PROBLEM DESCRIPTION - Give the data again word for word; drop the pictures.

DATA BELOW -

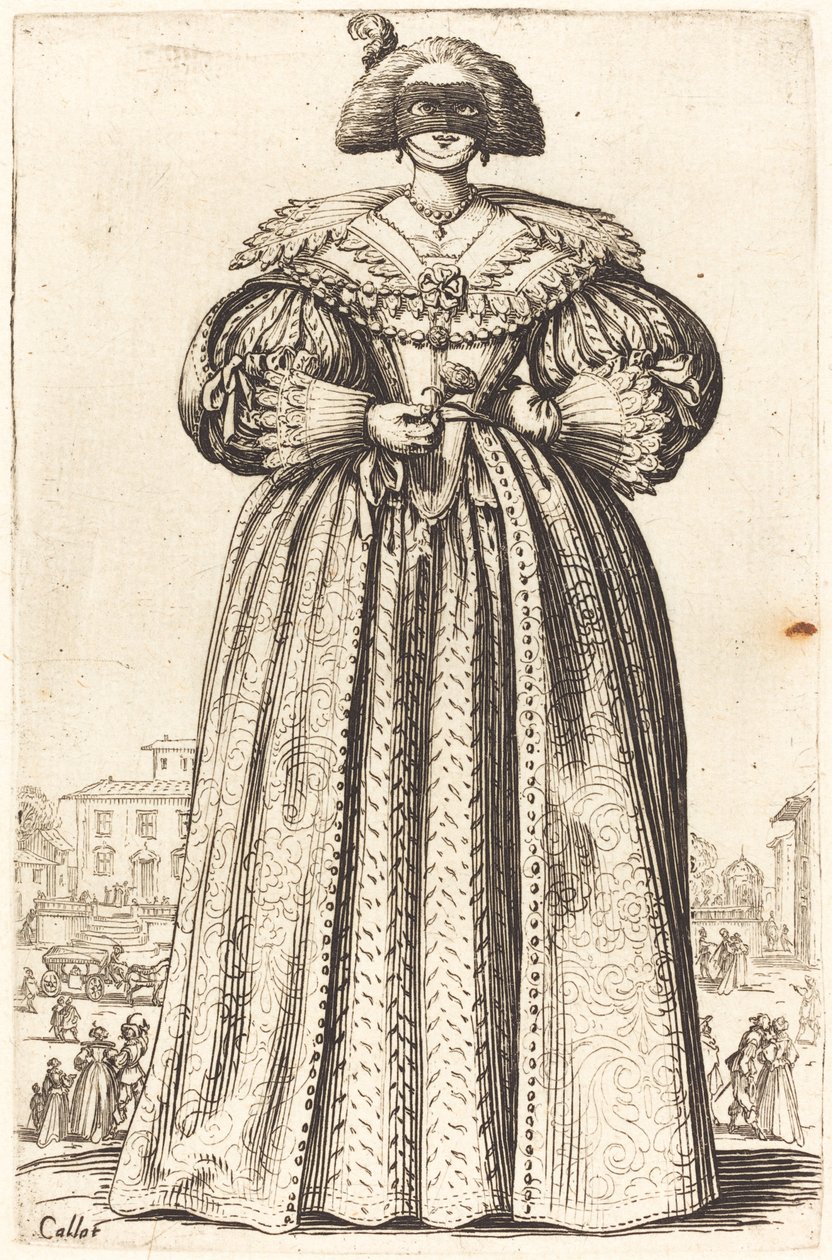 Masked Noble Woman by Jacques Callot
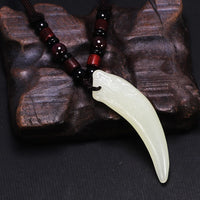 Fenrir Fang - carved Obsidian Necklace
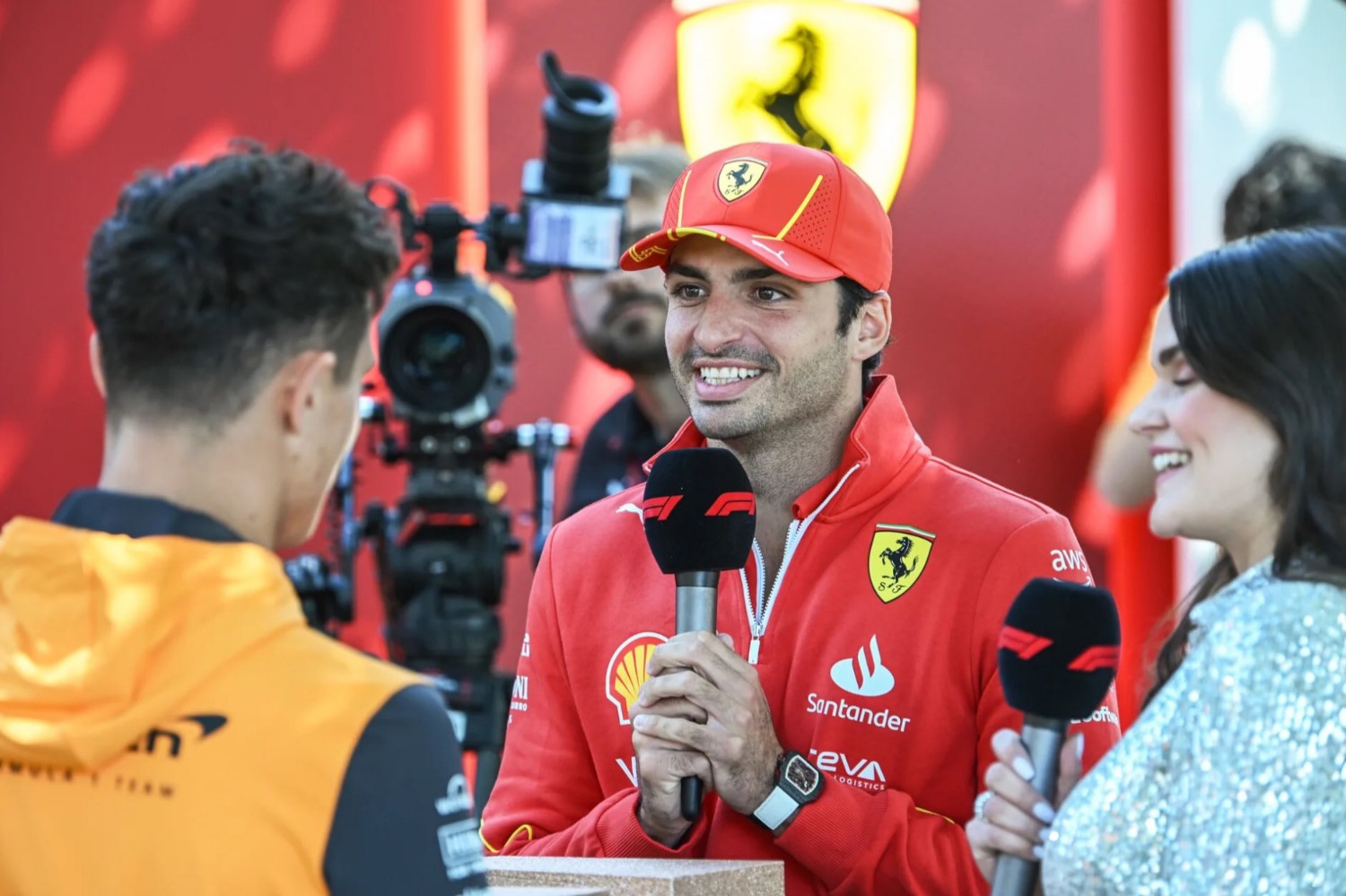 Carlos Sainz Jr with media in Melbourne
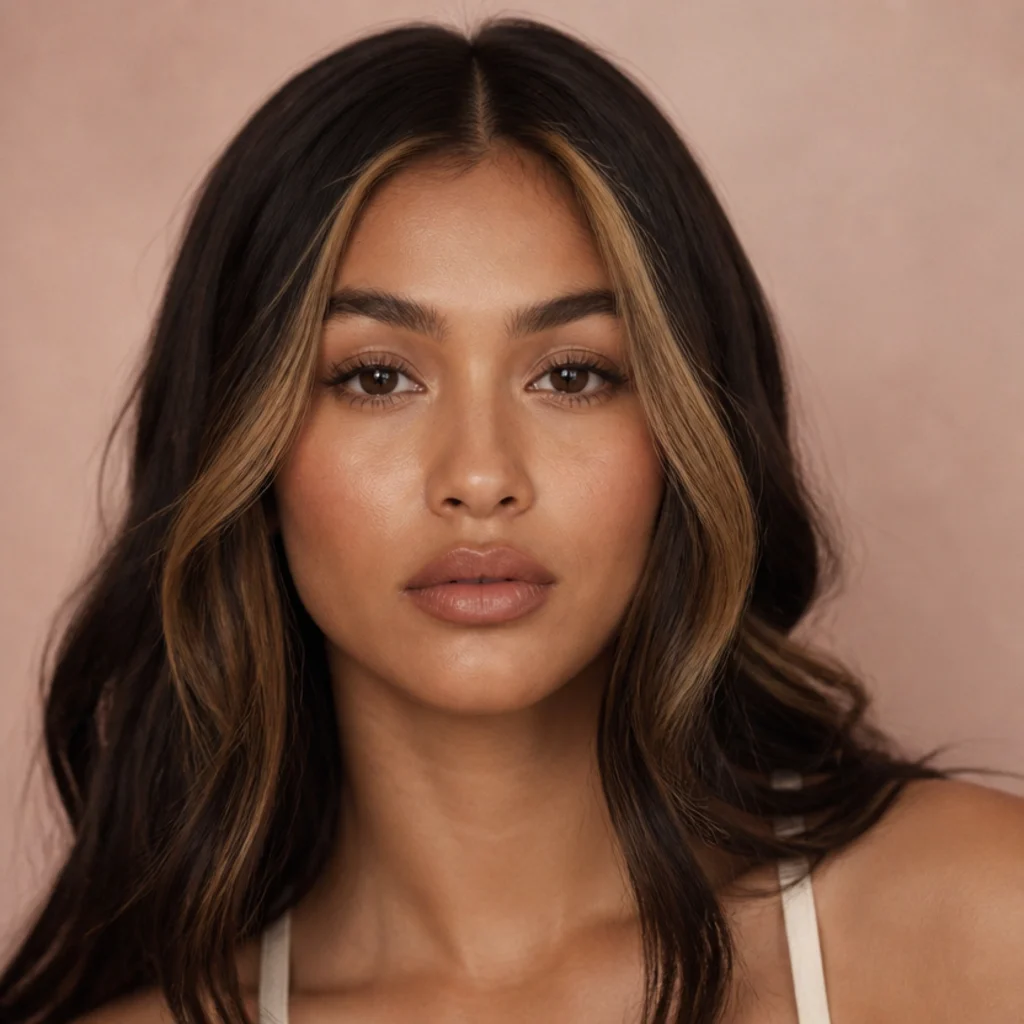 Dark brown hair with two bright caramel money-piece strands framing the face, front-facing beauty portrait drawing light up to the cheekbones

PROBLEM SOLUTION -
 Masked Noble Woman by Jacques Callot
 Fenrir Fang - carved Obsidian Necklace
 Carlos Sainz Jr with media in Melbourne
 Dark brown hair with two bright caramel money-piece strands framing the face, front-facing beauty portrait drawing light up to the cheekbones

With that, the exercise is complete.